= SUPPLIED RECORDS =
::::::

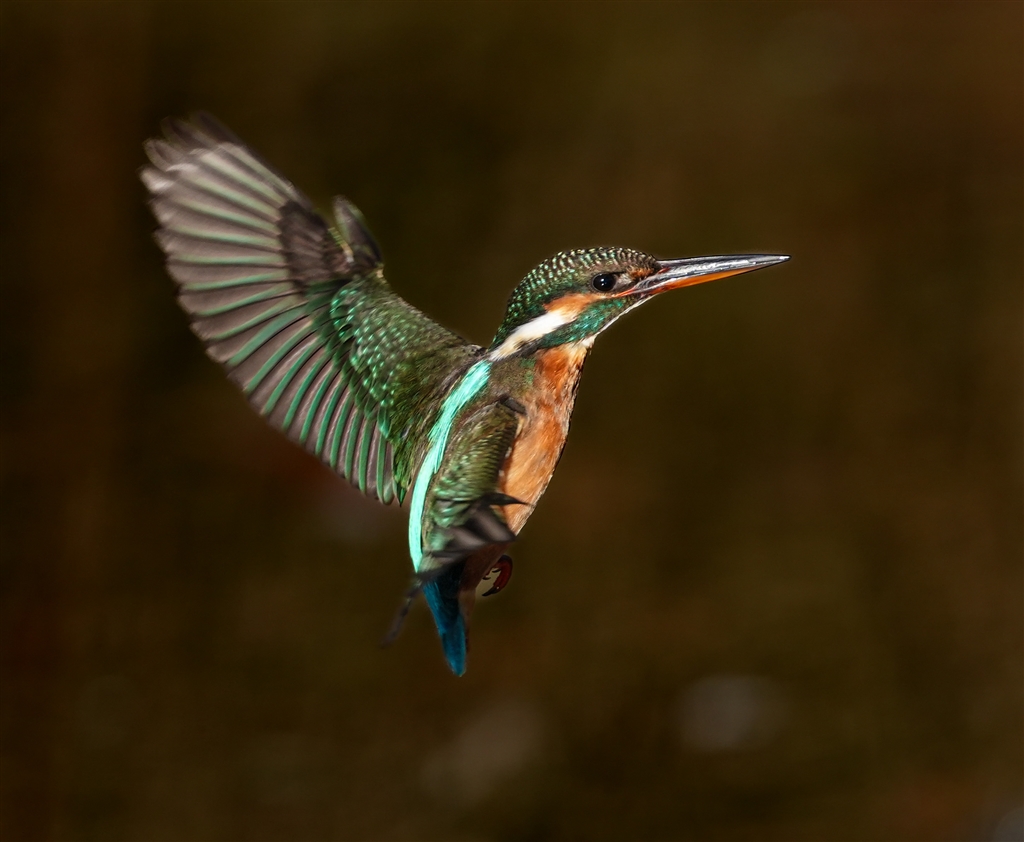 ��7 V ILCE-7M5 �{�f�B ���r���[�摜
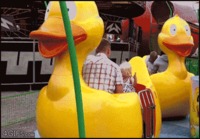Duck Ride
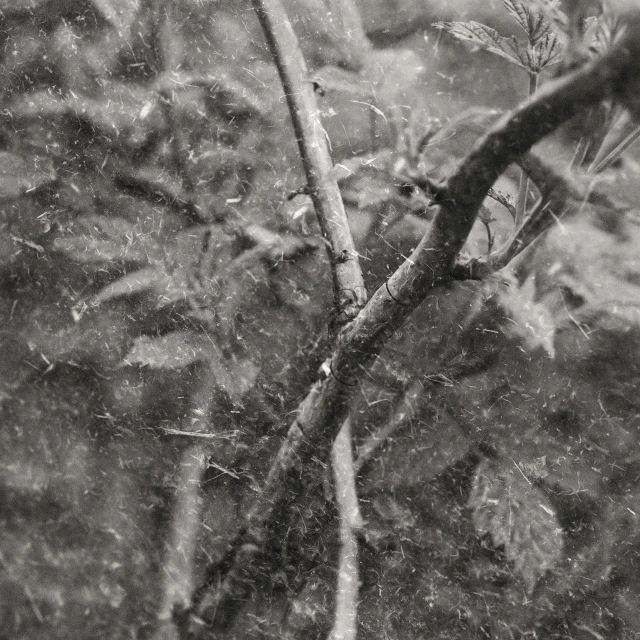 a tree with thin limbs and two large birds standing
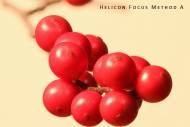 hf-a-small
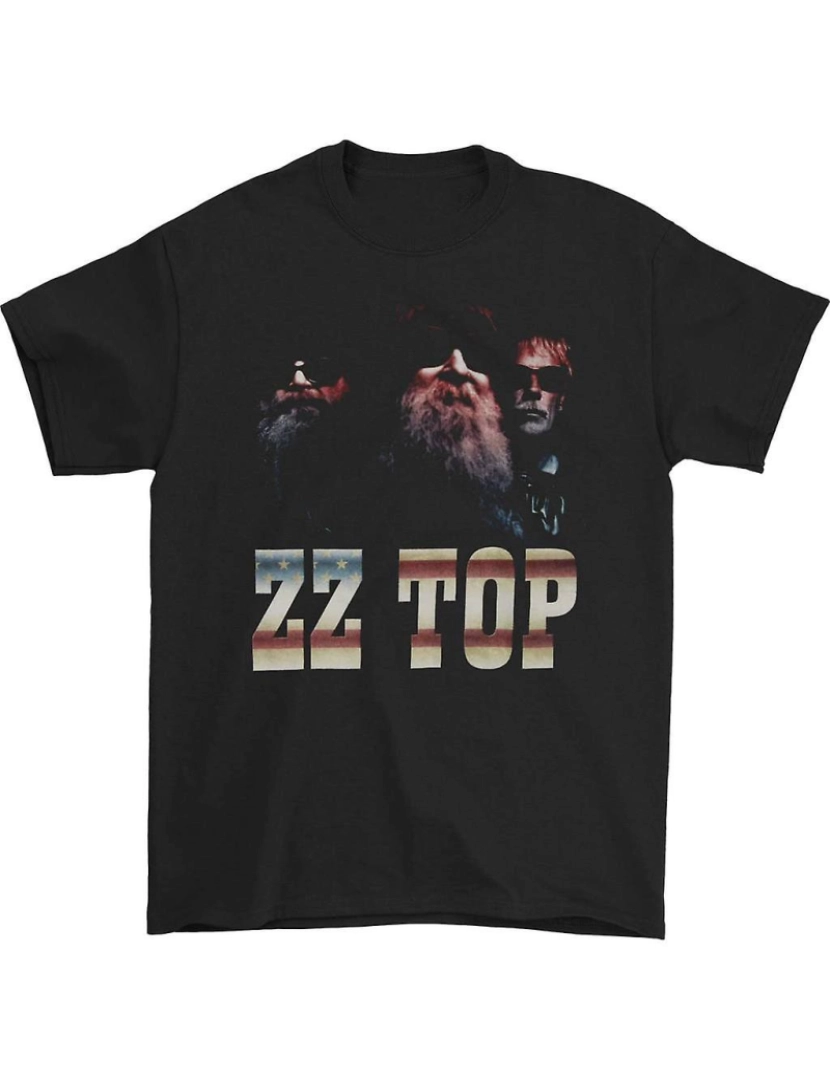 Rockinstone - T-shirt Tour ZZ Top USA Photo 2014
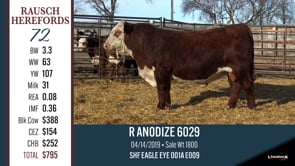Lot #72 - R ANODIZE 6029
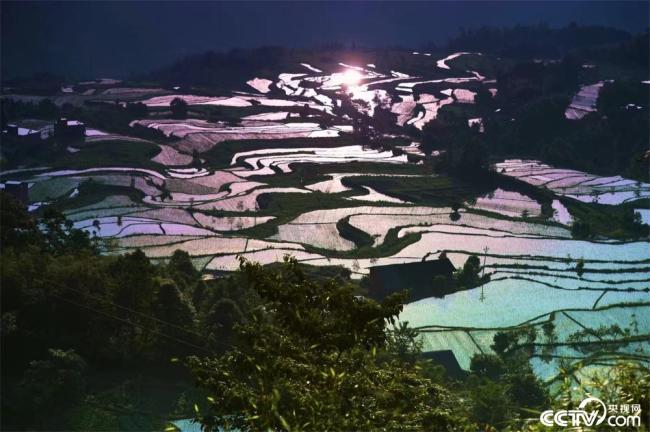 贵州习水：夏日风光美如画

::::::

= WORK REQUIRED =
Apart from the pictures, repeat every entry exactly.

= ANSWER TO THIS EXERCISE =
 ��7 V ILCE-7M5 �{�f�B ���r���[�摜
Duck Ride
 a tree with thin limbs and two large birds standing
 hf-a-small
 Rockinstone - T-shirt Tour ZZ Top USA Photo 2014
Lot #72 - R ANODIZE 6029
 贵州习水：夏日风光美如画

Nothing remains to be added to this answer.